Automatic GPU Data Compression and Address Swizzling for CPUs via Modified Virtual Address Translation

Symposium on Interactive 3D Graphics and Games (I3D 2020)


Larry SeilerDaqi LinCem Yuksel
Facebook Reality LabsUniversity of UtahUniversity of Utah
[Paper]


Abstract

We describe how to modify hardware page translation to enable CPU software access to compressed and swizzled GPU data arrays as if they were decompressed and stored in row-major order. In a shared memory system, this allows CPU to directly access the GPU data without copying the data or losing the performance and bandwidth benefits of using compression and swizzling on the GPU. Our method is flexible enough to support a wide variety of existing and future swizzling and compression schemes, including block-based lossless compression that requires per-block meta-data.

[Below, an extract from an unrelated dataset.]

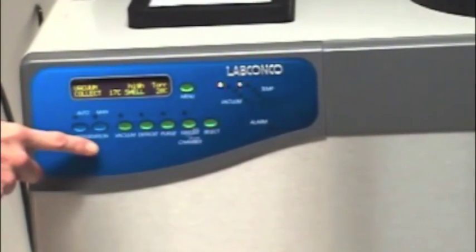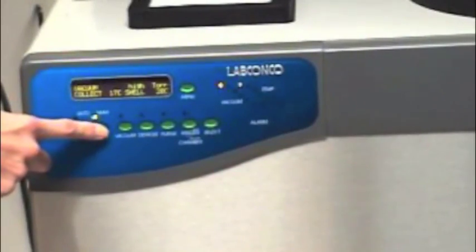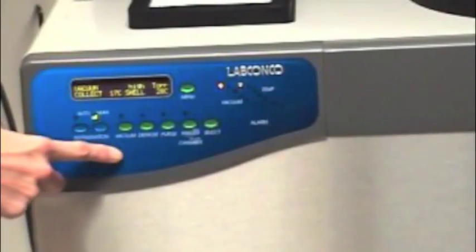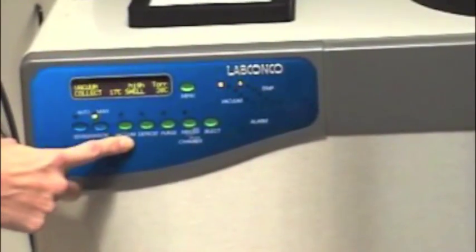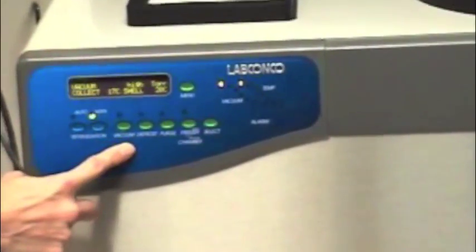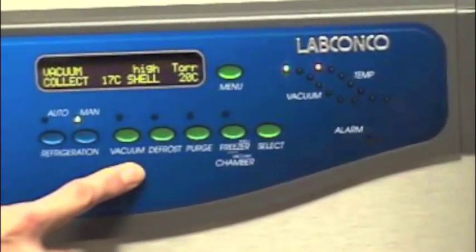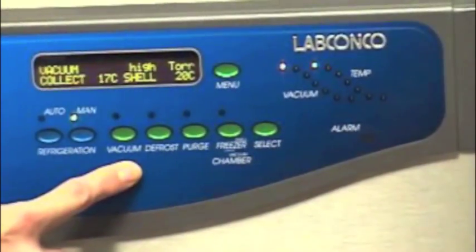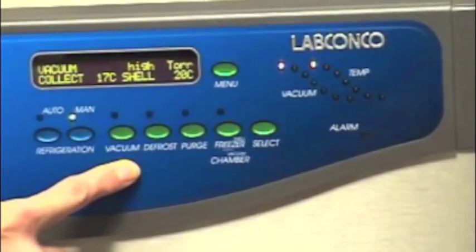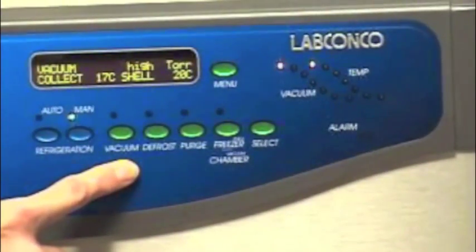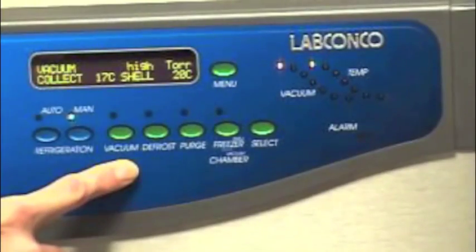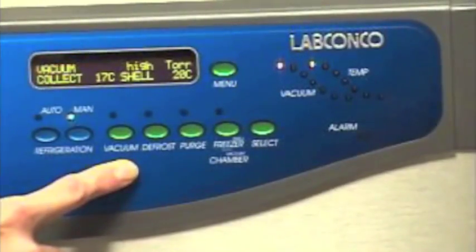Once the parameters are determined in manual mode, the stoppering tray dryer can be programmed for automatic mode. To program automatic mode, turn the base unit refrigeration on using the refrigeration button in manual mode. Make sure the vacuum LCD light is off.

Providing automatic compression can improve performance, even without considering the cost of copying data. In our experiments, we observed up to 33% reduction in CPU/memory energy use and up to 35% reduction in CPU computation time.


cmp-teaser An example of lossless block compression. Each block is 256B and consists of four 64B memory accesses, storing 8 × 8 32-bit pixels. The level of compression is specified by two meta-data bits per block, indicating possible compression ratios 4:0, 4:1, 4:2, and 4:4. Note that 4:0 uses a default clear color for the entire block (e.g. black).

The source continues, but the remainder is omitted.